Actually it doesn't really. 15 goblins is the threshold for both systems for changing the difficulty from medium to hard for a 4 PC 6th-level party. This makes 14 goblins roughly equal to a cyclops in both systems. It does not always hold to be the same, but most of the time it is the same for a group of monsters of the same CR. Where things start varying to a greater degree is when the monsters are made up of different CRs.
 

Elric

First Post
Actually it doesn't really. 15 goblins is the threshold for both systems for changing the difficulty from medium to hard for a 4 PC 6th-level party. This makes 14 goblins roughly equal to a cyclops in both systems. It does not always hold to be the same, but most of the time it is the same for a group of monsters of the same CR. Where things start varying to a greater degree is when the monsters are made up of different CRs.

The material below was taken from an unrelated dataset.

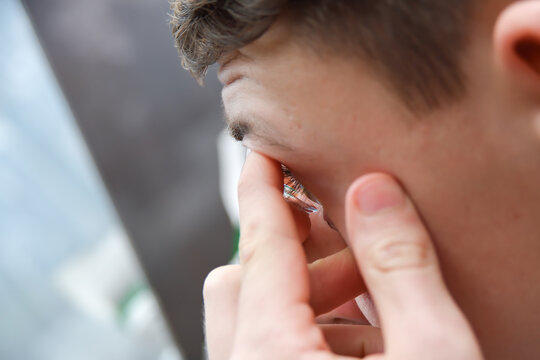 A teenager puts on a contact lens over his eye. Macro photo of a medical theme.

Updated my post for clarity. This system does adjust the number of Goblins that a Giant is equivalent to, if you don't use the Encounter XP multiplier rule from DM Basic Guide p. 57, and that's why it can do away with the Encounter XP multiplier rule and achieve similar results.

The key is that this system lowers the number of Goblins that a Giant is equivalent to (as opposed to a standard where you compare a Giant to a number of Goblins worth the same XP, and do not consider the "Encounter XP multiplier" in the DM basic guide).